--- START ---

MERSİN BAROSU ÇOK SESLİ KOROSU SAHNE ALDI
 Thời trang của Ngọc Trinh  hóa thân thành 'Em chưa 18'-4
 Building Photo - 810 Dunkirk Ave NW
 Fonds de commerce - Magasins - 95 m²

--- END ---
--- START ---

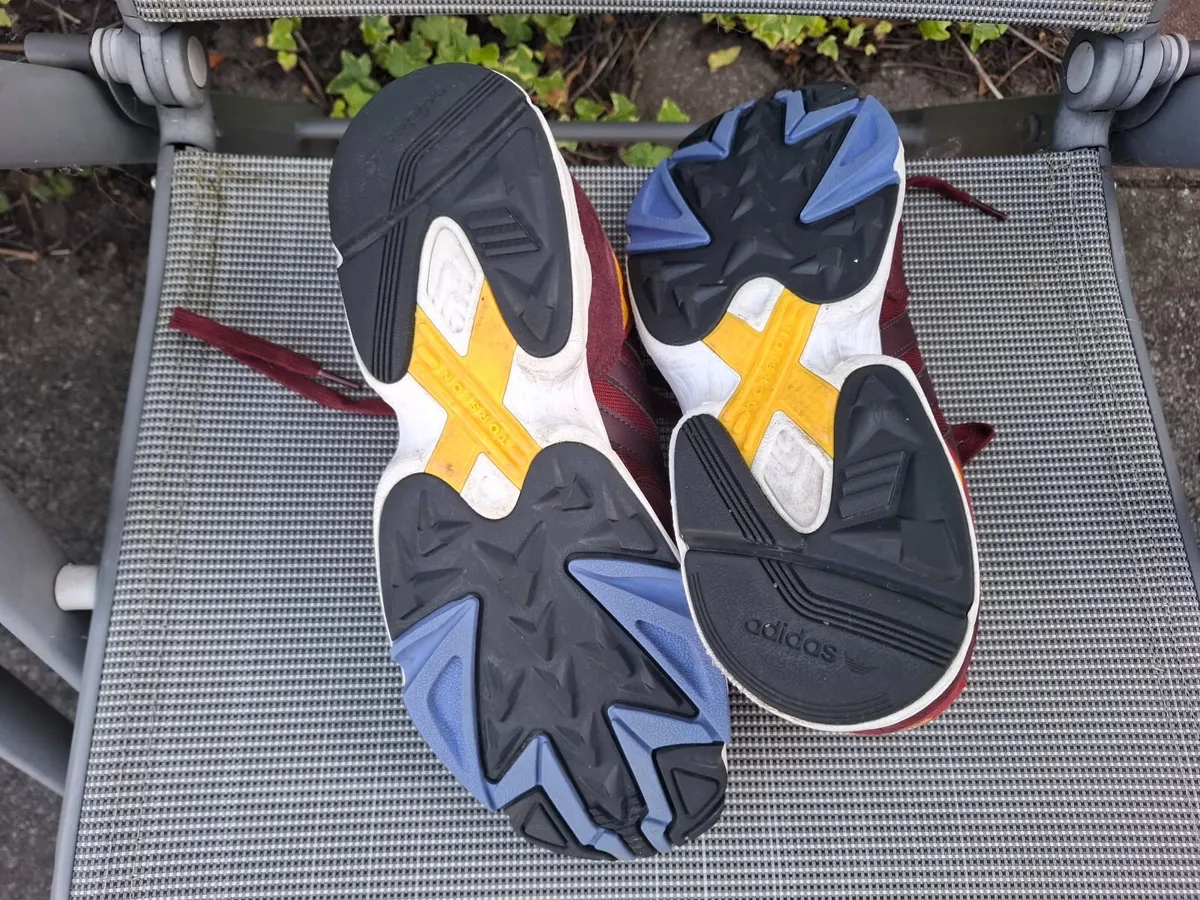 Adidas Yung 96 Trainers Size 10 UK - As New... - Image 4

--- END ---

Aim of the task: Could you return exactly the stretch of the data above that starts at the line with "MERSİN BAROSU ÇOK SESLİ KOROSU SAHNE ALDI" and ends at the line with "Fonds de commerce - Magasins - 95 m²", both lines included?

Completed exercise:
MERSİN BAROSU ÇOK SESLİ KOROSU SAHNE ALDI
 Thời trang của Ngọc Trinh  hóa thân thành 'Em chưa 18'-4
 Building Photo - 810 Dunkirk Ave NW
 Fonds de commerce - Magasins - 95 m²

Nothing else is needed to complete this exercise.